WORK REQUEST
The complete listing goes into the output exactly, without its pictures.

** Opening EXERCISE DATA block **

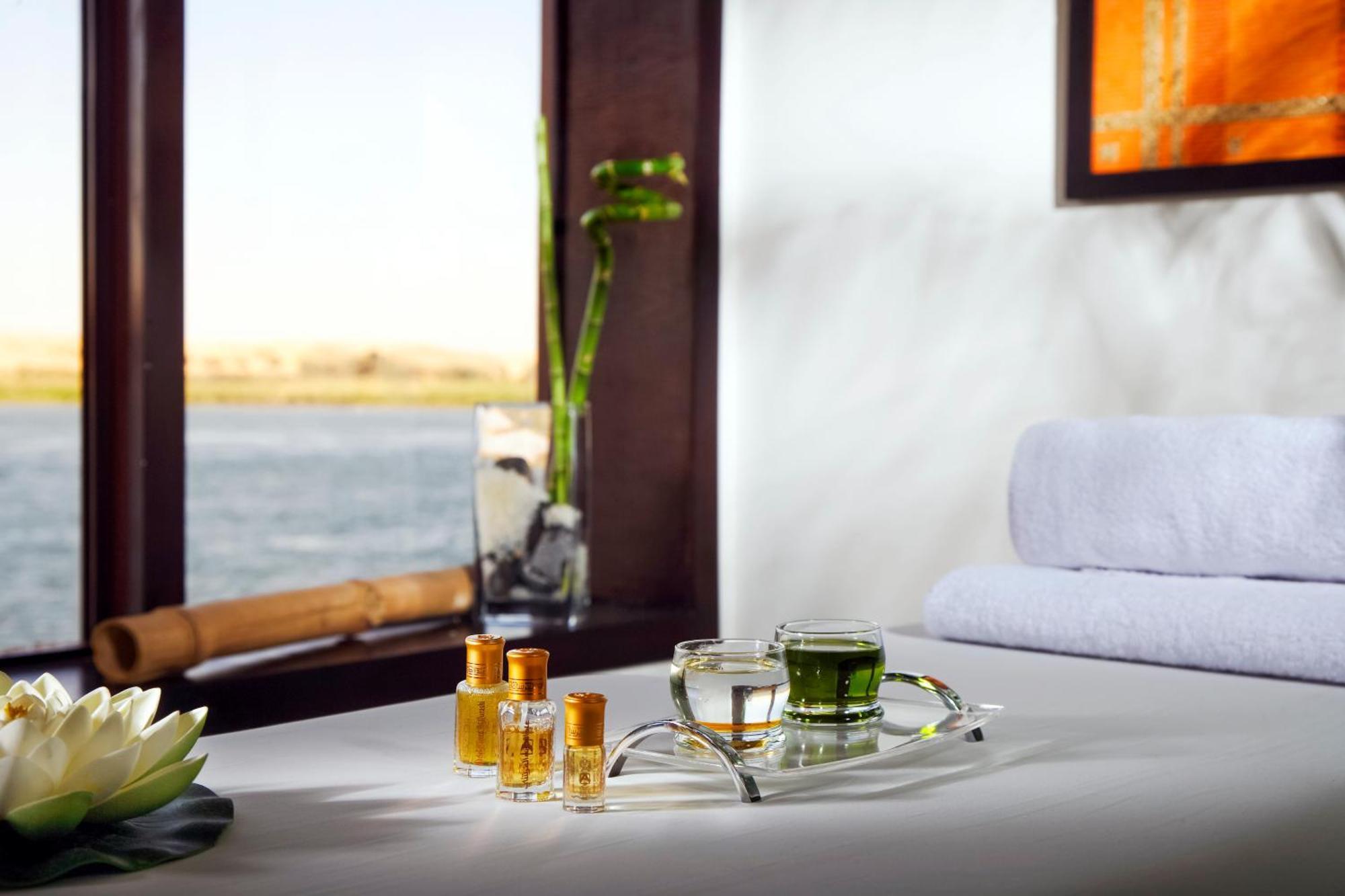 Moevenpick Royal Lily Nile Cruise, Every Monday Four Nights From Luxor, Every Friday Three Nights From Aswan - Including Excursions & Sightseeing Eksteriør bilde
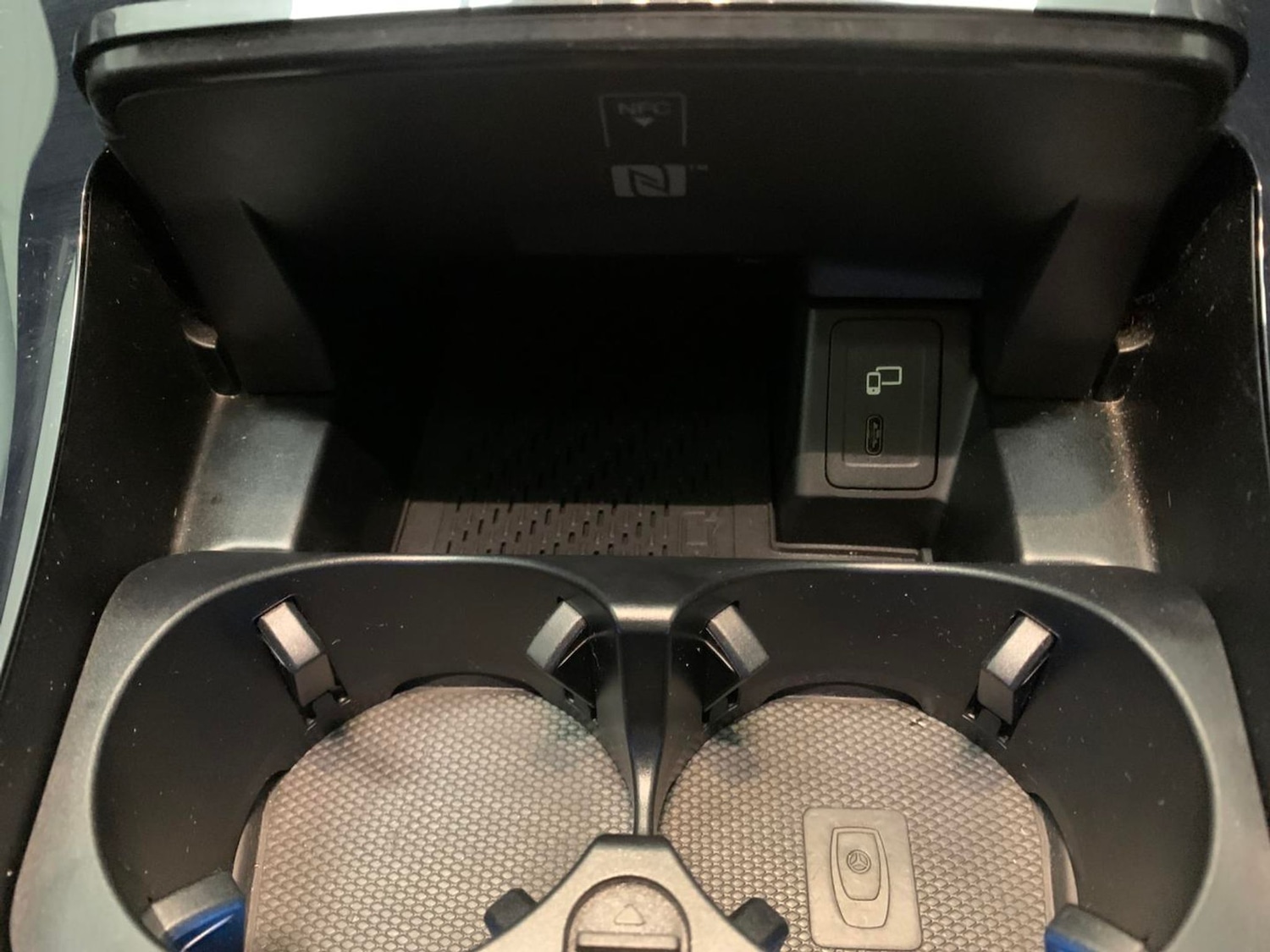 Used Mercedes-Benz EQC 2020 for sale - 76935192: Photo 23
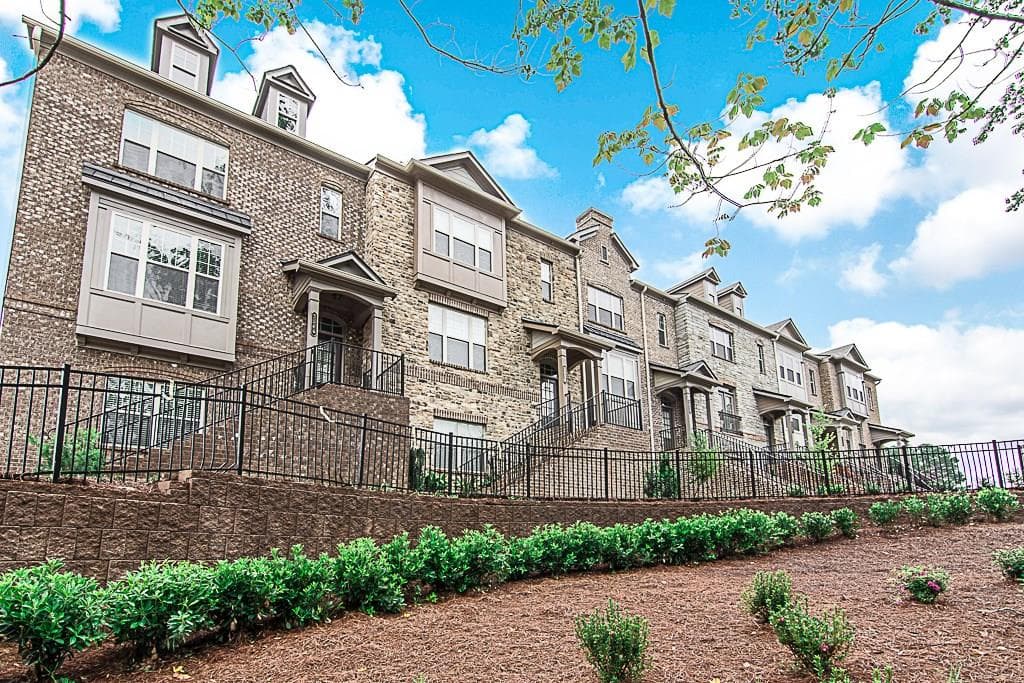 2540 Carmel Way, Alpharetta, GA 30009 — most recent listing photo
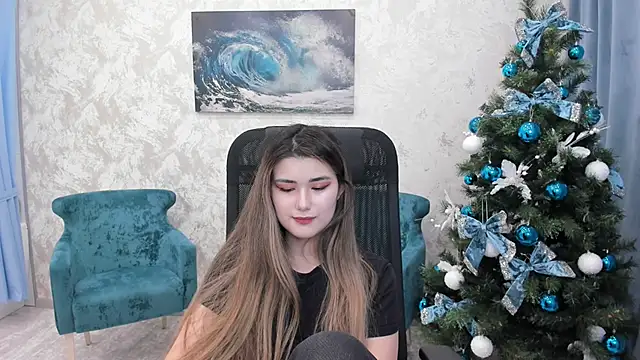 Snapshot of AnneTLi chatting on 12-29-24, 10:56 AnneTLi online show from 12-29-24, 10:56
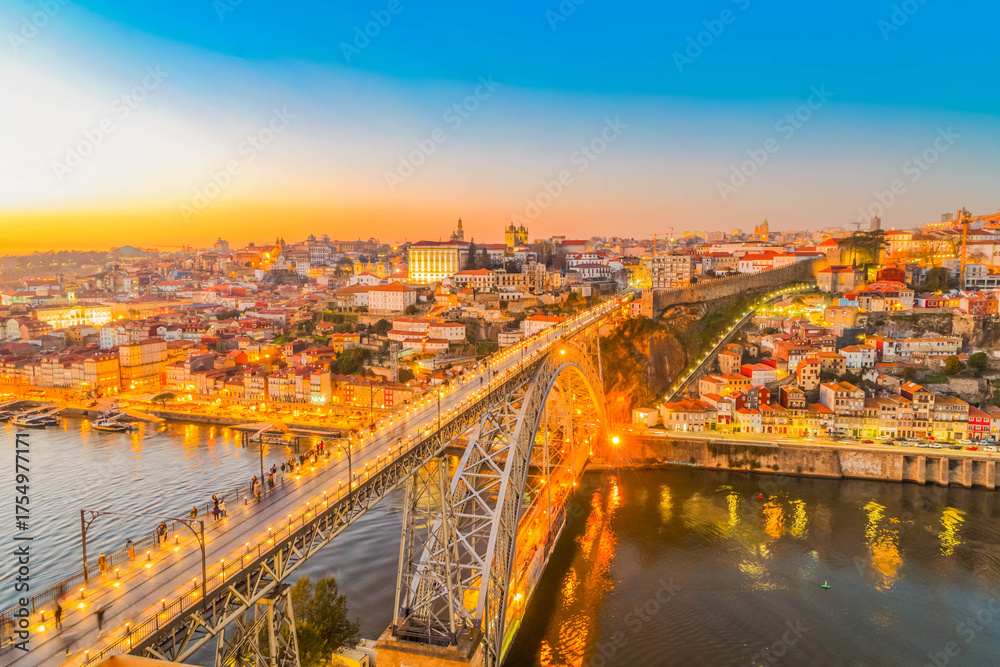 Fototapeta premium historic town of Porto, Portugal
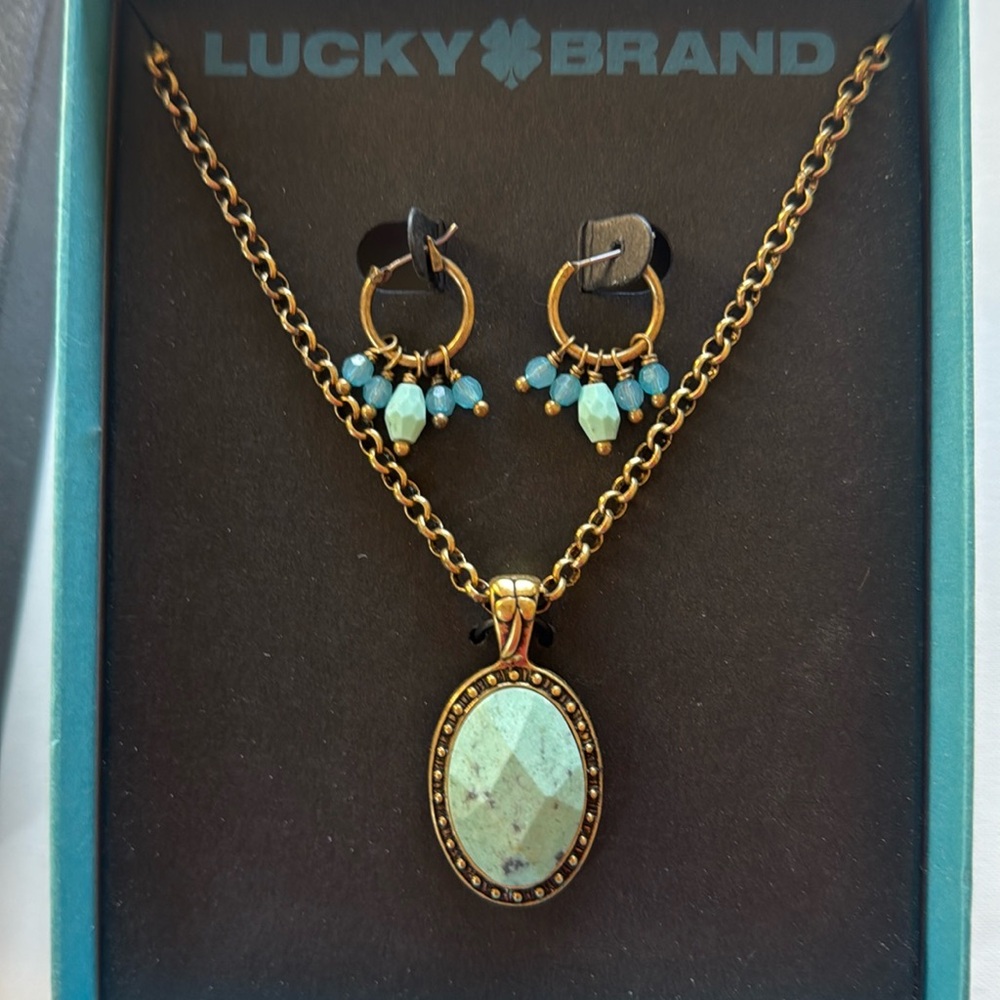 NWT Lucky Brand Jewelry Necklace Earrings Set in Box New Old Stock Blue Accents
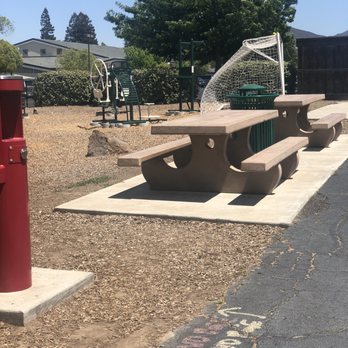 El Divisidero Park - Benches.... - Parks Near Me - Walnut Creek, California El Divisidero Park - Benches.... - Parks Near Me - Walnut Creek, California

** Closing EXERCISE DATA block **

ANSWER BOX
 Moevenpick Royal Lily Nile Cruise, Every Monday Four Nights From Luxor, Every Friday Three Nights From Aswan - Including Excursions & Sightseeing Eksteriør bilde
 Used Mercedes-Benz EQC 2020 for sale - 76935192: Photo 23
 2540 Carmel Way, Alpharetta, GA 30009 — most recent listing photo
 Snapshot of AnneTLi chatting on 12-29-24, 10:56 AnneTLi online show from 12-29-24, 10:56
 Fototapeta premium historic town of Porto, Portugal
 NWT Lucky Brand Jewelry Necklace Earrings Set in Box New Old Stock Blue Accents
 El Divisidero Park - Benches.... - Parks Near Me - Walnut Creek, California El Divisidero Park - Benches.... - Parks Near Me - Walnut Creek, California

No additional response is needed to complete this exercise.